Onwards then to Virginia. Yet here I was informed that the pain medication was a narcotic which in Virginia needed to be personally signed by the issuing doctor who, due to the holiday, had long ago left his office. Back to the car, with surging pain, we aimed for my home pharmacy where they know me. I always admonish my daughter to drive cautiously, but now I asked her to drive as fast as possible. It took 45 minutes, but finally, the home village came into sight.  About one kilometer before the town, we heard a horn behind us and saw a blue emergency light. It was a visiting state trooper who stopped us for driving at an excessive speed. I started to explain, but his gestures made me quickly recall the saying of ‘tell it to the judge’. Besides, I just wanted to get to the pharmacy.  

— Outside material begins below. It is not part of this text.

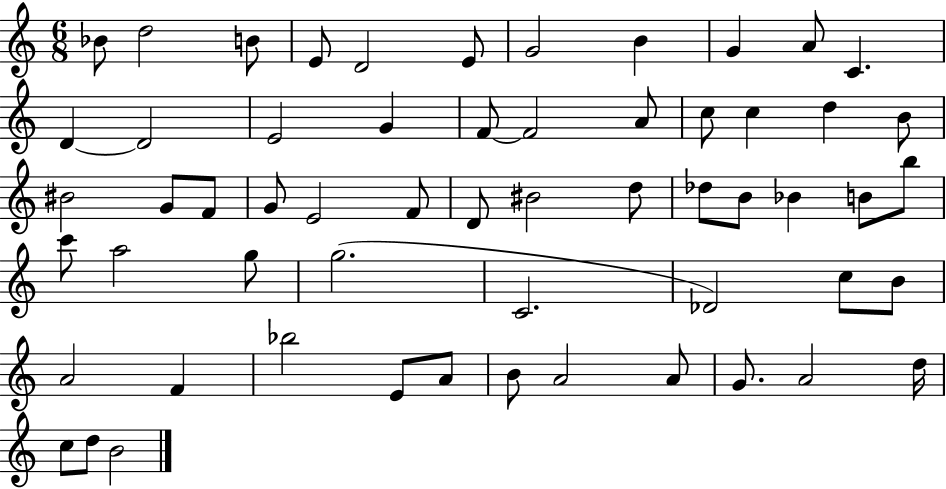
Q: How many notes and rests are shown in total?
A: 58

The trooper was quite meticulous, but 40 minutes later, we were on the road again. At the pharmacy,  we were immediately recognized and the prescription was, of course, filled right away. Apparently, word had gotten around regarding my earlier visits to other pharmacies since the pharmacist told me in confidence that ‘next time, just come here directly.’ The pills worked, and I thanked my daughter for her help, also promising to pay for all her expenses. In the end, the bills for speeding, lawyers, court cost, regular fees, speed measurement all added up to more than $ 1,300.

All this is truly not earth-shattering but of major impact nonetheless. Lack of collaboration may start out by discomforting life, but given time and repetition, can lead to growing social gaps.  America has, for more than one and a half centuries, principally drawn strength and a good life through success from its cohesiveness. Nevertheless, there have been shortcomings, apathies and neglect which require repair.

We must recognize and adjust our lives to cope with the growing complexity of the world today. Breaking up links and relationships is a bad idea. We continue to have an unsurpassed capacity for communication and analysis. We can find ways that allow for curative marketing or restitution for past or current wrongdoings. There clearly is room for improvement, be it for pain pills, jurisdiction, or treatment of people. Let’s take steps for the pursuit of happiness, which supports us all.– the Declaration of Independence has made a promise, but we as individuals need to deliver on it.